First of all, I'm not a cheerleader in the debate. But every time someone says cursor, there's always some knucklehead (or 50) who pounce with the obligatory 'cursors are evil' mantra. I know SQL-Server was optimized for set-based operations, and maybe cursors truly ARE evil incarnate, but if I wanted to put some objective thought behind that...
Here's where my mind is going:
Is the only difference between cursors and set operations one of performance?
Edit: There's been a good case made for it not being simply a matter of performance -- such as running a single batch over-and-over for a list of id's, or alternatively, executing actual SQL text stored in a table field row-by-row.
Follow-up: do cursors always perform worse?
- EDIT: @Martin shows a good case where Cursors out-perform set-based operations fairly dramatically.
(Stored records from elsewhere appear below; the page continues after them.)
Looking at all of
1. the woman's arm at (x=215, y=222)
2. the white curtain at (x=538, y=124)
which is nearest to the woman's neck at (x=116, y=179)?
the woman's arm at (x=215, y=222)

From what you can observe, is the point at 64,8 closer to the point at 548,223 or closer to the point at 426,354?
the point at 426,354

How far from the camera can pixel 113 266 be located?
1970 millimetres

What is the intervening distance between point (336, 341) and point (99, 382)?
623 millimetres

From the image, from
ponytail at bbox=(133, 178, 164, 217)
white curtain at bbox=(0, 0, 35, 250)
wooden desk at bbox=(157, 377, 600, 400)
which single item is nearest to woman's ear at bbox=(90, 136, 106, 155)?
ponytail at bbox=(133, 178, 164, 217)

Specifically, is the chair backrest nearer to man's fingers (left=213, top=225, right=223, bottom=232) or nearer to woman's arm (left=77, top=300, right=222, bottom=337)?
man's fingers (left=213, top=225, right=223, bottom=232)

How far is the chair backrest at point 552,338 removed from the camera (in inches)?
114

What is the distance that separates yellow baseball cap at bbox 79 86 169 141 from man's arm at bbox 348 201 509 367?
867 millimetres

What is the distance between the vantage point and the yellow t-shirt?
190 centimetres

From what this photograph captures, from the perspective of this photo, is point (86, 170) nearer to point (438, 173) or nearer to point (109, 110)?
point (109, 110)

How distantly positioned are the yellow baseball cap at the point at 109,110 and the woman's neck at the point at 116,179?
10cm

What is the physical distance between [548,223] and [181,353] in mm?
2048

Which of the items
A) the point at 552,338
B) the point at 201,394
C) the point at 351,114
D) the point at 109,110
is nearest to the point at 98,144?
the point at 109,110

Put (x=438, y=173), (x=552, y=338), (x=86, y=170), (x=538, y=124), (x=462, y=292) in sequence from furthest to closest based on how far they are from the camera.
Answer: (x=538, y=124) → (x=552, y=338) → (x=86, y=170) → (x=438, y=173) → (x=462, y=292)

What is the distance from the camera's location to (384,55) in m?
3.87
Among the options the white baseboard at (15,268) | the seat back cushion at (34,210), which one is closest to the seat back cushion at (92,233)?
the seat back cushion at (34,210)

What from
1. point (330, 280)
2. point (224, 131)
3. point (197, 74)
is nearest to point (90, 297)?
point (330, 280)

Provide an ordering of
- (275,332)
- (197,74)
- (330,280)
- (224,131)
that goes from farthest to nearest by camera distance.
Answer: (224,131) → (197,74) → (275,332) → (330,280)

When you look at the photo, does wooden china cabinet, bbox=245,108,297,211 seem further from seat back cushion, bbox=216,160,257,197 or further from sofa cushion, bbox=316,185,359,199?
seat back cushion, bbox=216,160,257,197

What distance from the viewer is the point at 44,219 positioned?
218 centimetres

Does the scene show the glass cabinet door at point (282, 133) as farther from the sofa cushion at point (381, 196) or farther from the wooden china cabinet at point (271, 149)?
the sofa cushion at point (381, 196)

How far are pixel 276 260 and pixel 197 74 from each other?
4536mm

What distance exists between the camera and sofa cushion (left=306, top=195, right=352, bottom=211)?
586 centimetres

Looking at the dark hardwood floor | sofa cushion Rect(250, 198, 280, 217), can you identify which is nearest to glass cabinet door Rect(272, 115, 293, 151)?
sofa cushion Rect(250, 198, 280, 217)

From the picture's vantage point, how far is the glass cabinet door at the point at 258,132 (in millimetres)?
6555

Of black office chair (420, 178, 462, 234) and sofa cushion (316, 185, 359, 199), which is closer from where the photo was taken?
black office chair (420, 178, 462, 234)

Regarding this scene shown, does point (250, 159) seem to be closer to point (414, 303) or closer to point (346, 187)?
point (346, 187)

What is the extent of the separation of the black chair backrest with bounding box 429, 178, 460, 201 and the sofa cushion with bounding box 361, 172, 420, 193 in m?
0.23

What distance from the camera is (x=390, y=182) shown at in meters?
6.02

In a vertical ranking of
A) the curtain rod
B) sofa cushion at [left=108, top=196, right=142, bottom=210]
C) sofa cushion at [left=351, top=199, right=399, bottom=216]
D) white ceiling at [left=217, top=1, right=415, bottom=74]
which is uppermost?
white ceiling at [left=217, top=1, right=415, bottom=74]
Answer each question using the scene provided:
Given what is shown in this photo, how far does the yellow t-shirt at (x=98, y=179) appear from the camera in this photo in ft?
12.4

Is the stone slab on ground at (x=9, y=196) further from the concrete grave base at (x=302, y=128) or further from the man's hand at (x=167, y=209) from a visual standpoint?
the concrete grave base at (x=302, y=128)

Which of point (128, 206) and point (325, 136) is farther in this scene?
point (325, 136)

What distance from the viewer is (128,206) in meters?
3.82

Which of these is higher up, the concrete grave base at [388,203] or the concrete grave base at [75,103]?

I suspect that this wouldn't be the kind of thing you'd do too often (before you resorted to some kind of OLAP / Data Warehouse kind of solution), but nonetheless, seems like a case where you really couldn't live without a cursor.
- reference to TPC benchmarks suggesting cursors may be more competitive than folks generally believe.
- reference to memory-usage optimizations for cursors since Sql-Server 2005
Are there any problems you can think of, that cursors are better suited to solve than set-based operations?
- EDIT: Set-based operations literally cannot
Execute
stored procedures, etc. (see edit for item 1 above). - EDIT: Set-based operations are exponentially slower than row-by-row when it comes to aggregating over large data sets.
- EDIT: Set-based operations literally cannot
- Article from MSDN explaining their perspective of the most common problems people resort to cursors for (and some explanation of set-based techniques that would work better.)
- Microsoft says (vaguely) in the 2008 Transact SQL Reference on MSDN: "...there are times when the results are best processed one row at a time", but the don't give any examples as to what cases they're referring to.
Mostly, I'm of a mind to convert cursors to set-based operations in my old code if/as I do any significant upgrades to various applications, as long as there's something to be gained from it. (I tend toward laziness over purity a lot of the time -- i.e., if it ain't broke, don't fix it.)